I used the challah dough as my art form, making different shapes of challot for different holidays. The most outrageous one I did was for a bar mitzvah. They were having Chinese food (kosher, of course) and the mom wanted a challah shaped like a dragon. I managed to do it. Though when I first shaped it, it looked very fierce. By the time it rose in the oven, it turned all puffy and looked like a lovable cartoon dragon. Wish I had a picture of that one.

Fifty years after baking that first loaf, and finally closing my business, I’ve branched out into making many other kinds of breads. But just for personal use and satisfaction. Sourdough is a particular favorite of mine, as well as making bagels, bialys and pitas. However, when asked to choose a favorite thing to cook, it still has to be challah.
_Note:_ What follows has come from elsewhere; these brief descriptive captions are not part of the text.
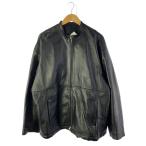 stein◆22SS/OVERSIZED LEATHER/シングルライダースジャケット/S/レザー/BLK/st.344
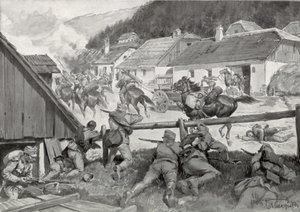 Plündernde Kosaken werden von ungarischen Truppen in einem ungarischen Dorf überrascht von Hungarian School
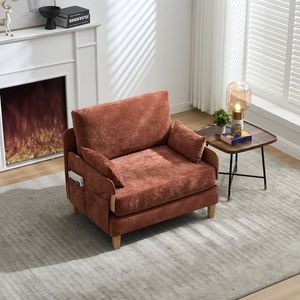 3-in-1 <b>Convertible</b> Mid for Century Modern Decor Sofa <b>Bed</b> Foldable Recliner with Three Pillows for Small Spaces - Product Image 1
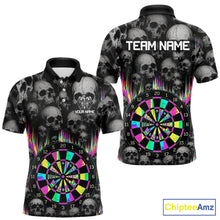 Load image into Gallery viewer, Grey Skull Pattern Colorful Strike men's darts polo shirt, personalized dart team jersey, custom dart uniform, dartboard apparel, league tournament darts shirt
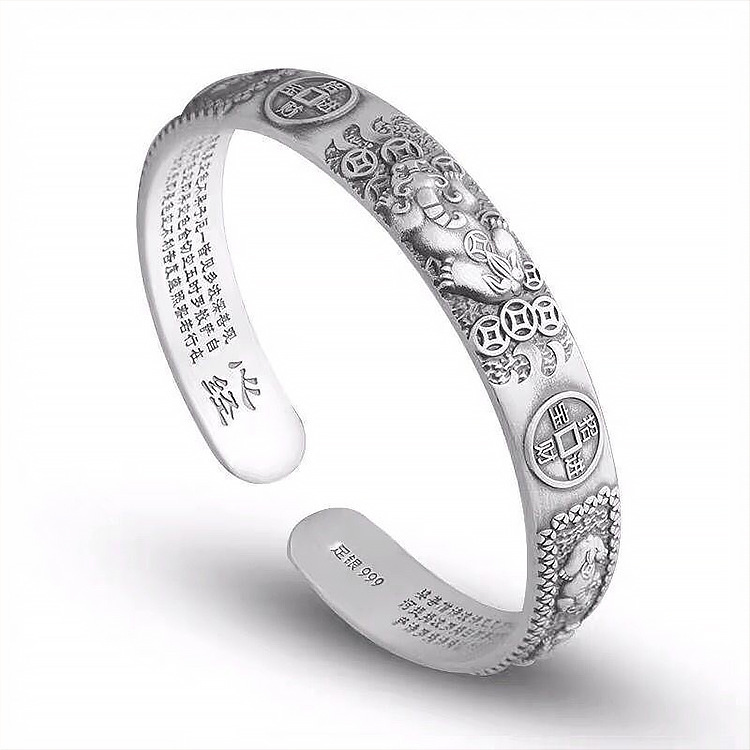 Retro Thai silver fortune transfer brave copper men's bracelet domineering men's and women's personality Heart Sutra bracelet manufacturers wholesale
Ellen Feinstein Krueger has been a professional writer since 1969, working in advertising and film projects in New York City. She wrote full-length interviews with Soap Opera stars for Daily Tv Serials Magazine in the mid 1970's. Since the late 70's Ellen has been a freelance writer specializing in local news stories and business profiles. Ellen's series of childrens' books about her Quaker Parakeet, Fonzie, have delighted kids and adults. From the late 1980s until the early 2000's Ellen ran a small catering business, Rising To The Occasion, that focused on Jewish specialty baked goods: challah, mandel brot and ruggelah. Since retiring from that business, Ellen has baked for fun, discovering the joys of sourdough well before the Pandemic made it cool.